Le ministère, comme les auteurs de ces perturbations, parle de l'égalité des chances entre les élèves. De quelle égalité parle-t-on ? Il n'y a plus d'égalité dès lors que des centaines de milliers d'élèves ont été obligés de rester chez eux sans suivre les cours pendant près de deux mois. Aucune mesure ne pourra aider ces élèves à rattraper les apprentissages perdus. Tout au plus veut-on niveler par le bas et faire reculer les élèves qui ont suivi "normalement" leurs leçons pour les mettre au niveau de leurs camarades touchés par le boycott des enseignants ?

C'est une opération qui va obliger les enfants à payer les pots cassés à la place des vrais auteurs de ce chamboulement. Au lieu de sanctionner l'auteur de la faute, on sanctionne la victime.

Pour tout dire, l'efficacité de la dernière mesure n'est pas prouvée. Elle n'aura aucun mérite sauf celui d'approfondir le fossé existant entre les élèves d'une même école et entre les établissements publics et privés. Pour ces derniers, il n'est pas logique de leur imposer le même calendrier alors qu'ils n'ont pas connu le même sort. Si on cherche à uniformiser les mesures pour tous, on ne fait que léser une partie aux dépens de l'autre.

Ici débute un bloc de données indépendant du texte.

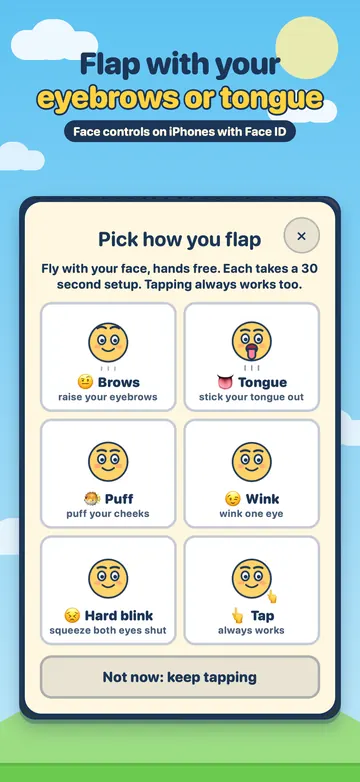 Flap with your eyebrows or tongue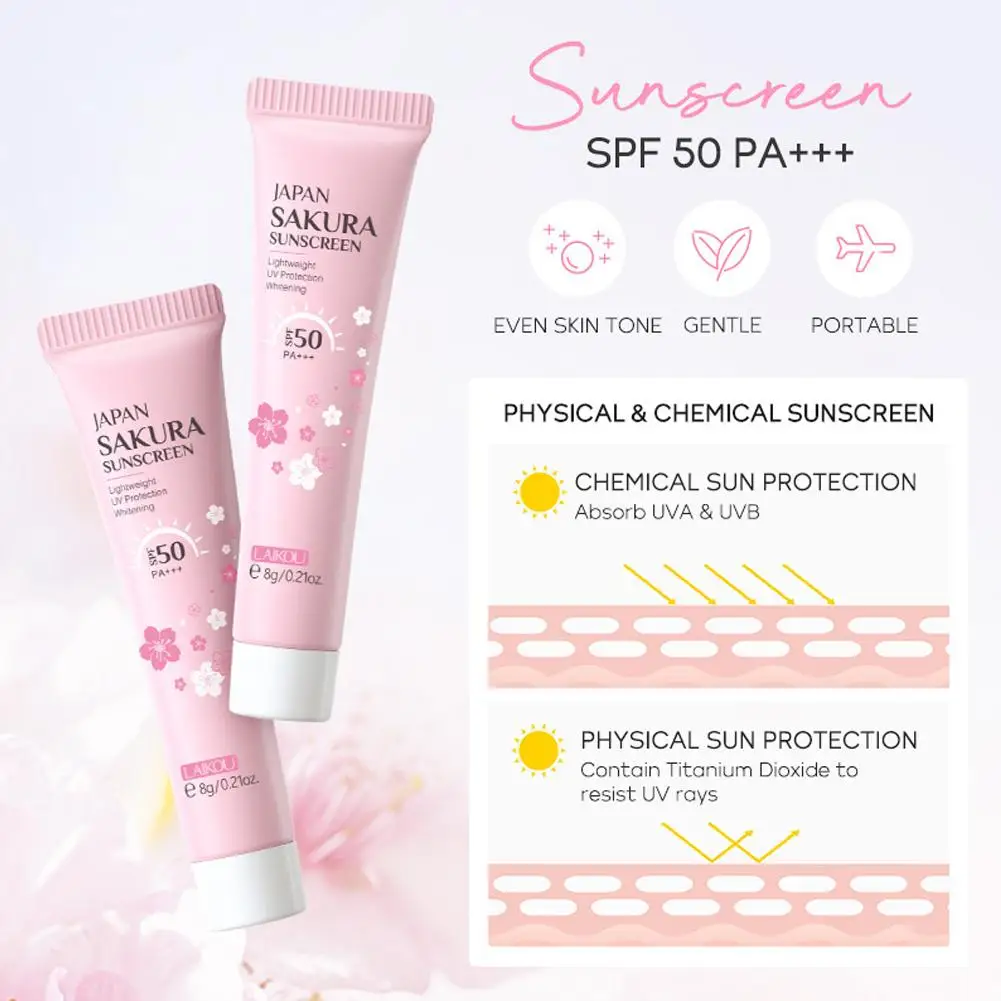 Sakura Skin Care Set - Cleanser Serum Eye Cream Facial Cream  Sunscreen Travel Kit for Women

Assumer ses responsabilités

Pourtant, on avait eu des promesses très "généreuses" de la part des responsables de la Fédération générale de l'enseignement de base. Selon ces promesses, les enseignants qui ont boycotté les cours se porteraient volontaires pour assurer des cours de rattrapage pour les élèves en cas d'accord. Qu'en est-il ? On n'a rien de tel dans les dernières mesures. A-t-on, du coup, blanchi ces enseignants ? D'ailleurs, ne vient-on pas d'entendre un des responsables syndicaux qui demande qu'on "honore" ces enseignants qui ont observé la plus longue grève jamais vue en Tunisie ? Que reste-t-il encore ?

En tout cas, la mesure prise par le ministère de l'Education n'a pas l'aval de tout le monde. Et pour cause. Les établissements privés ont raison de se sentir lésés et ignorés. Il n'y a pas de raison qu'ils se plient aux mêmes dispositions. Rien ne peut justifier, pour eux, un report des examens trimestriels. Tout le calendrier n'en serait que bousculé.

En outre, n'oublions pas que le ministère, lui-même, est revenu sur une décision précédente qui parlait d'un programme pour remédier à la situation. Il consisterait à examiner les établissements, au cas par cas. Voire passer les classes, dans un même établissement, au cas par cas. On se demande pourquoi cette option n'a pas été prise en compte. Elle serait trop compliquée à appliquer, pourrait-on penser. Mais elle serait plus logique que le fait de généraliser une mesure pour tous sans prendre en considération les particularités.

Beaucoup de parents, d'organisations et de chefs d'établissements d'enseignement privé ont montré leur désapprobation des dispositions annoncées par le ministère.

Cela aura des conséquences très néfastes sur la qualité des acquis et sur le déroulement du reste de l'année scolaire.

On aurait préféré, tout de même, que des mises au point très claires soient annoncées concernant des garanties de la part des syndicalistes de ne plus prendre des décisions similaires de nature à bouleverser le cursus des élèves et à impacter la pérennité du système scolaire. Il y a des limites à fixer au-delà desquelles chacun doit assumer pleinement ses responsabilités devant la loi.

Les parents autant que la société civile sont fort inquiets à ce sujet et auraient souhaité un accord stratégique plutôt qu'un arrangement conjoncturel.